[About this exercise]:
When you transcribe the listing that follows, keep every line exact and omit the pictures.

[Exercise data]:

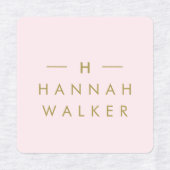 Monogram Blush Pink | Elegant Chic Gold Cloding Labels (Design 2)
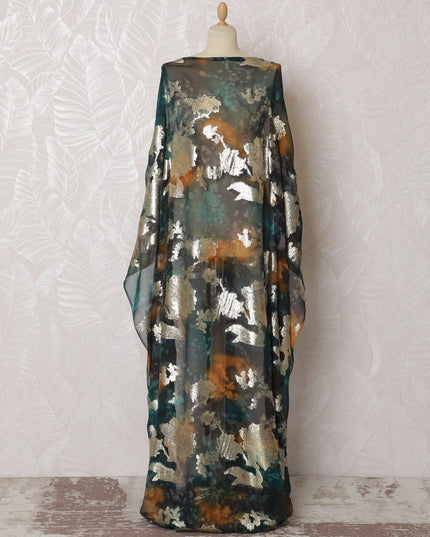 Mystical Forest Pure Silk Chiffon Dirac Fabric with Metallic Lurex - 140cm Wide, 3.5 Mtrs Length - Buy Online-D18203 Regal Fabrics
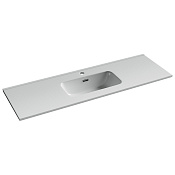 Ceramicanova Compact Раковина накладная 121х39,5 см, с переливом, цвет: белый глянцевый CN7028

[Written answer]:
 Monogram Blush Pink | Elegant Chic Gold Cloding Labels (Design 2)
 Mystical Forest Pure Silk Chiffon Dirac Fabric with Metallic Lurex - 140cm Wide, 3.5 Mtrs Length - Buy Online-D18203 Regal Fabrics
 Ceramicanova Compact Раковина накладная 121х39,5 см, с переливом, цвет: белый глянцевый CN7028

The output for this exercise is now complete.